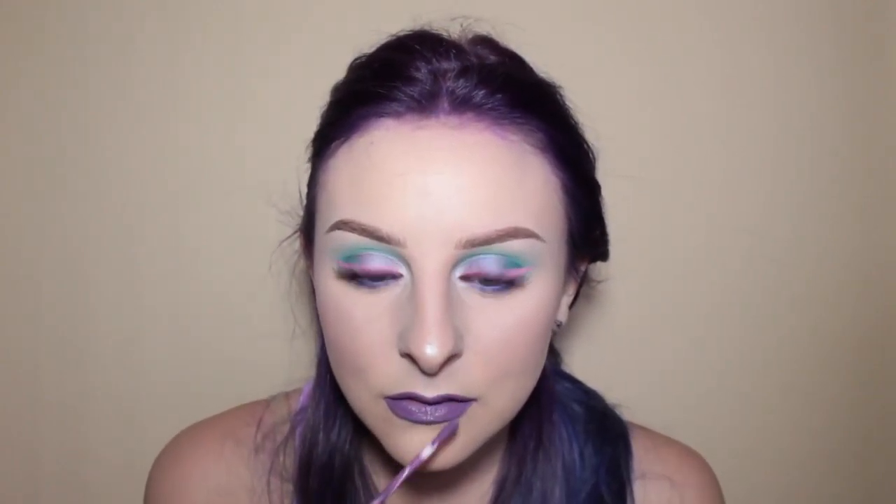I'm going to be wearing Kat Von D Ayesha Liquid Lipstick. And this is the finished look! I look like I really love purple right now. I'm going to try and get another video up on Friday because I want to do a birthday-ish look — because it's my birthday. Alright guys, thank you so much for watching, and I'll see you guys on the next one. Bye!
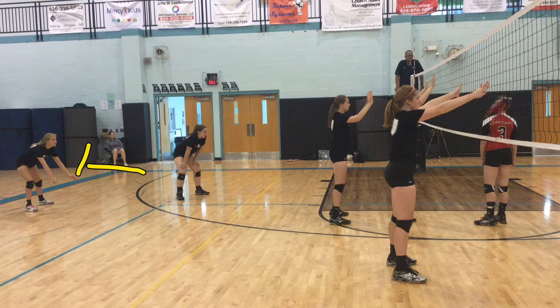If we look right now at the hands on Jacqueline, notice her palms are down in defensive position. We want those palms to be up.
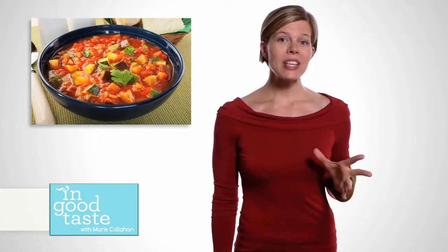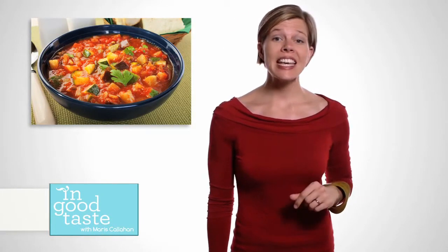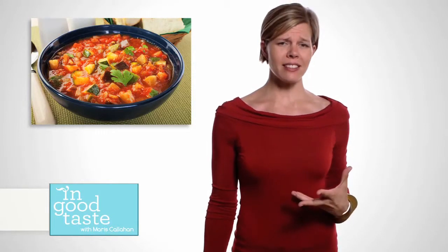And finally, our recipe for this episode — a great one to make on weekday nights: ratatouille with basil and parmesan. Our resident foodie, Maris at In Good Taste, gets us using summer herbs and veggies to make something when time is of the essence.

───

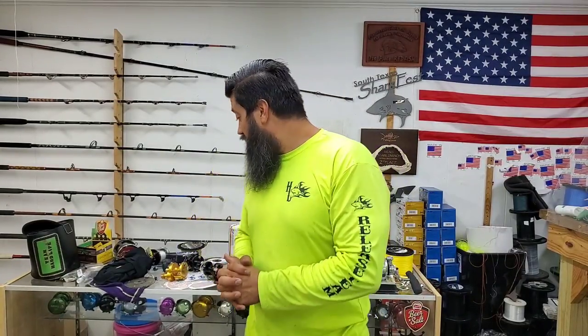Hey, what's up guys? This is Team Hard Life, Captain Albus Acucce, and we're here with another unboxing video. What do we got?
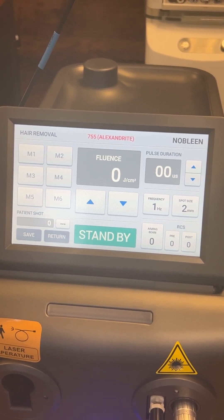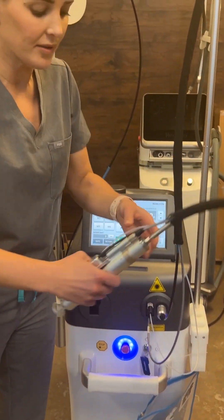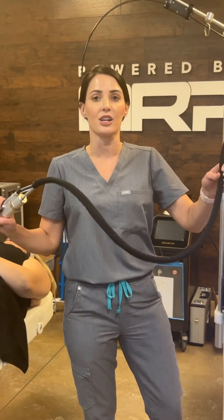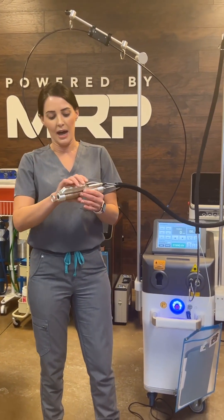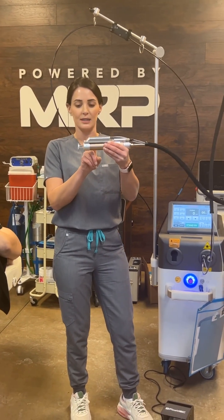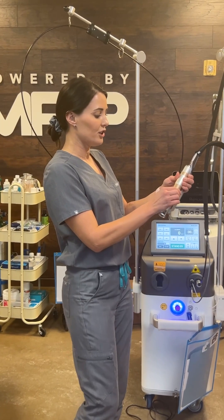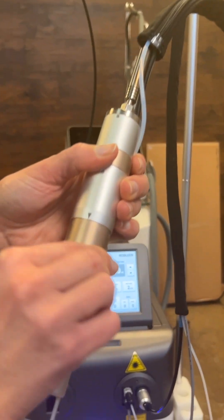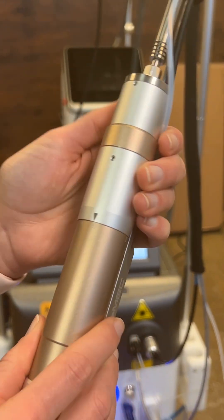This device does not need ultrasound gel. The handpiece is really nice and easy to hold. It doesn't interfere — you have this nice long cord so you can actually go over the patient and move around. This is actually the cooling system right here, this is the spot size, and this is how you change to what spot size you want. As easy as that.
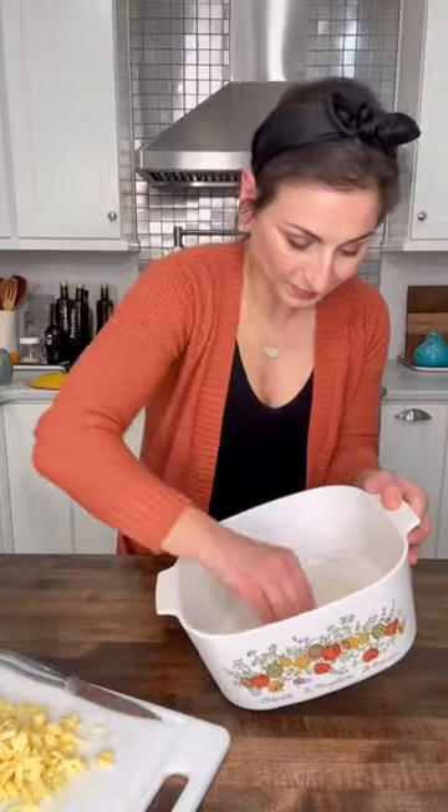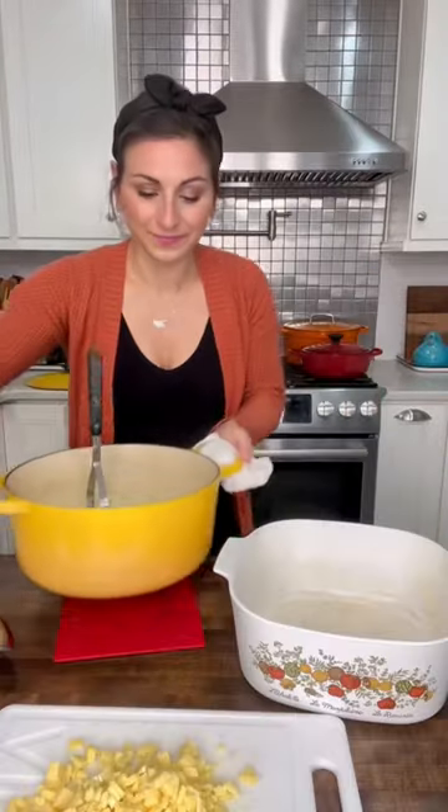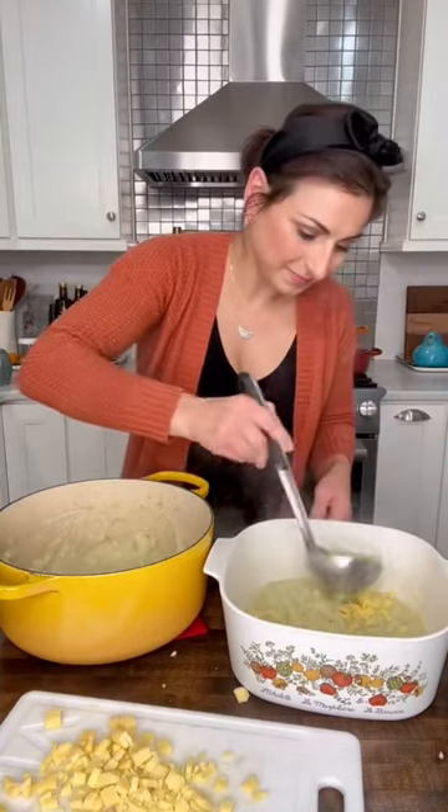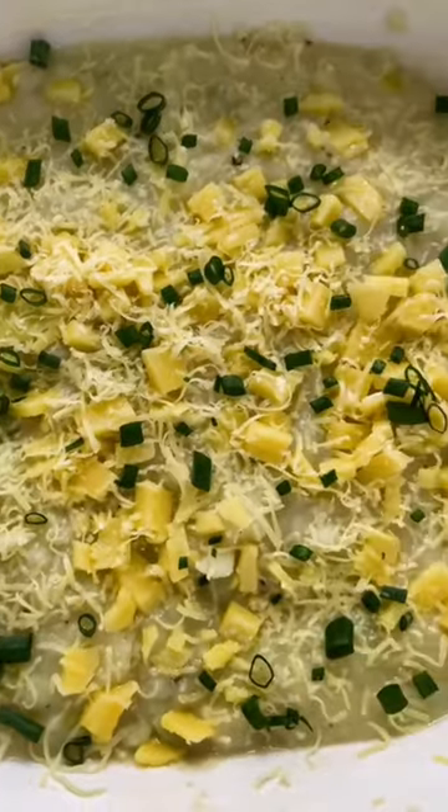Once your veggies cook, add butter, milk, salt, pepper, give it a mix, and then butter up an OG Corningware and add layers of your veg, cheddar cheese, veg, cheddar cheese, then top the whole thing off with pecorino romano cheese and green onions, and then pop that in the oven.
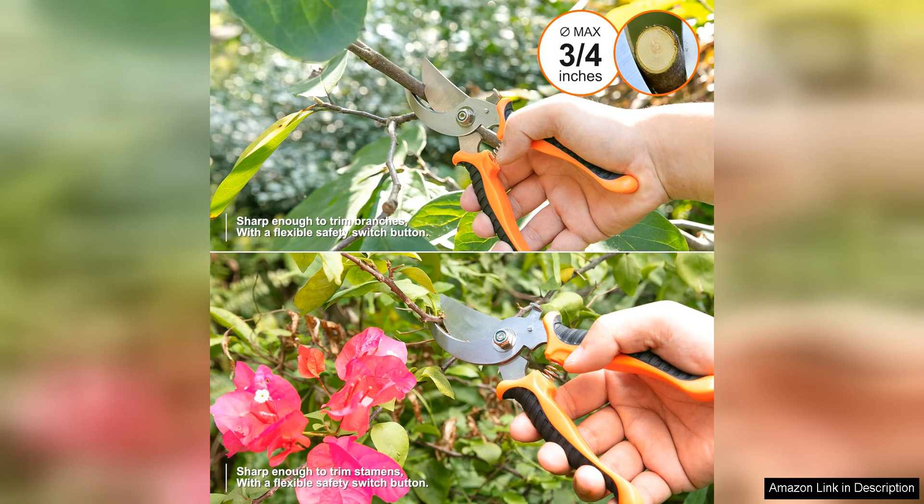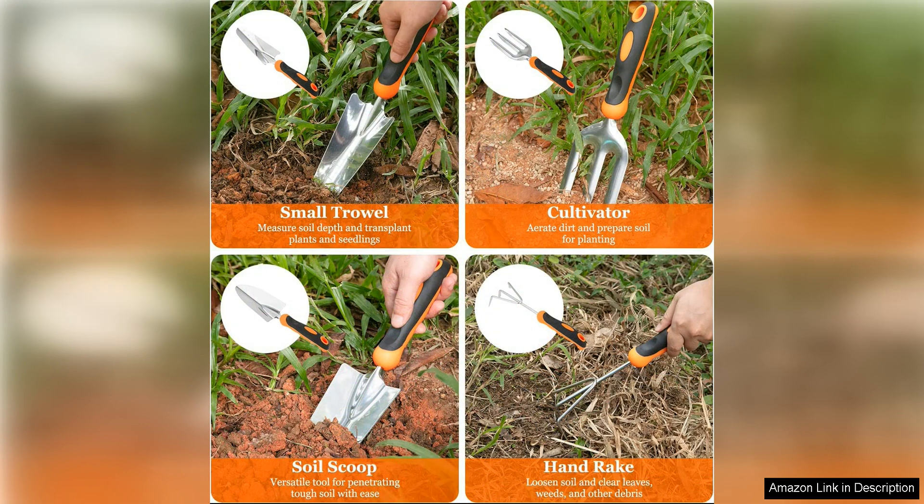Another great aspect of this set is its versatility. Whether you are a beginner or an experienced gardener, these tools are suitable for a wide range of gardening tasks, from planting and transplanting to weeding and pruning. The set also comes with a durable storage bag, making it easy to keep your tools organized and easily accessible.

───

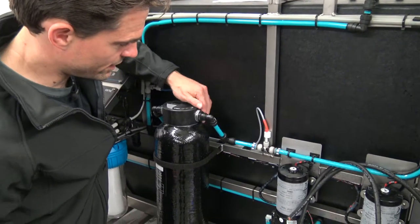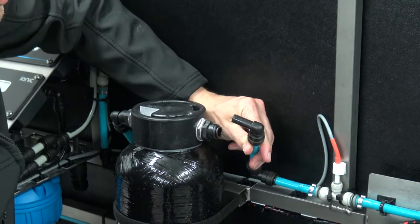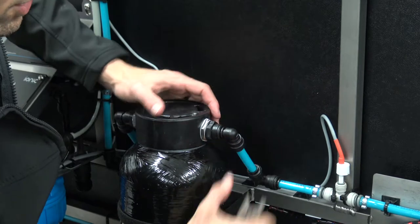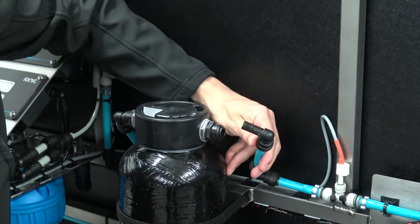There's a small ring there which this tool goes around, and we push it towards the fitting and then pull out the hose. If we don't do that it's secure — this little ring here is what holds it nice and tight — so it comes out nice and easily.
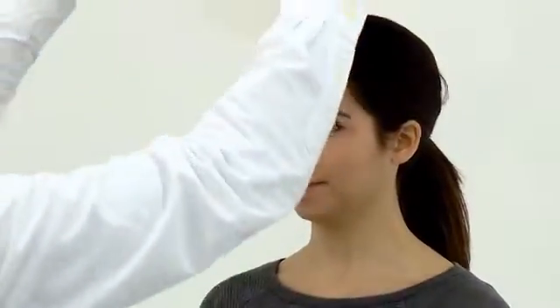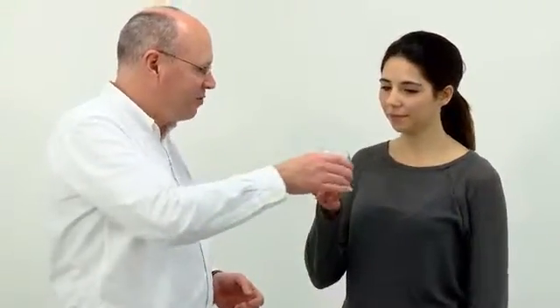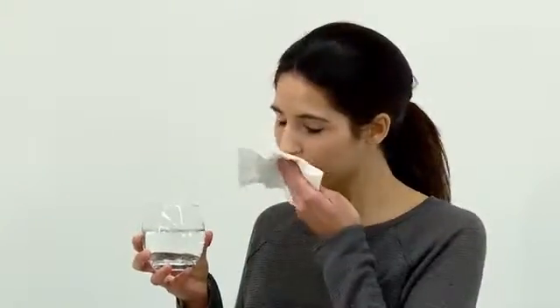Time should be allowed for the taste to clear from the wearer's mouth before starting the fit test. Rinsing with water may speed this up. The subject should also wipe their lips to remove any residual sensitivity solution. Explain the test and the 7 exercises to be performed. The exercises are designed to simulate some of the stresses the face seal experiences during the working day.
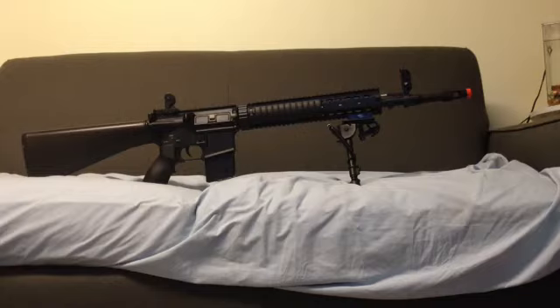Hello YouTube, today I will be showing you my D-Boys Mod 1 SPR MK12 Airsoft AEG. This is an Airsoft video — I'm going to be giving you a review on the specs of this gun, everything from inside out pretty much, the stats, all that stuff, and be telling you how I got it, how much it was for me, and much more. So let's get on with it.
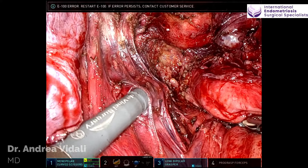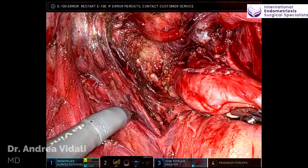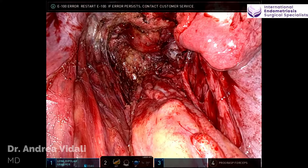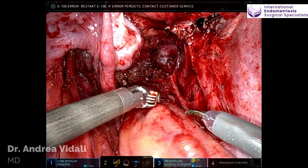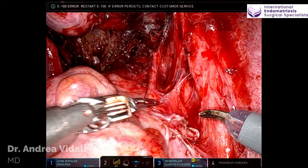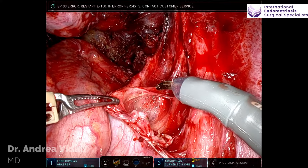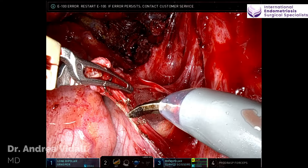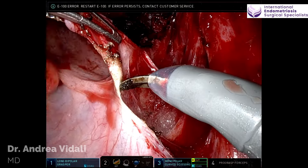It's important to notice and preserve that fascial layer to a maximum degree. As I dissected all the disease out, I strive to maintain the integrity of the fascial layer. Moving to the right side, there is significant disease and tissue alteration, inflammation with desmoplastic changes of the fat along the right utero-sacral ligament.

───

#### TASK BRIEF:
Write out the lines above from the one with "I'm going to be wearing" through the one with "And finally, our", ends included, exactly; no picture goes in.

#### TASK ANSWER:
I'm going to be wearing Kat Von D Ayesha Liquid Lipstick. And this is the finished look! I look like I really love purple right now. I'm going to try and get another video up on Friday because I want to do a birthday-ish look — because it's my birthday. Alright guys, thank you so much for watching, and I'll see you guys on the next one. Bye!
If we look right now at the hands on Jacqueline, notice her palms are down in defensive position. We want those palms to be up.
And finally, our recipe for this episode — a great one to make on weekday nights: ratatouille with basil and parmesan. Our resident foodie, Maris at In Good Taste, gets us using summer herbs and veggies to make something when time is of the essence.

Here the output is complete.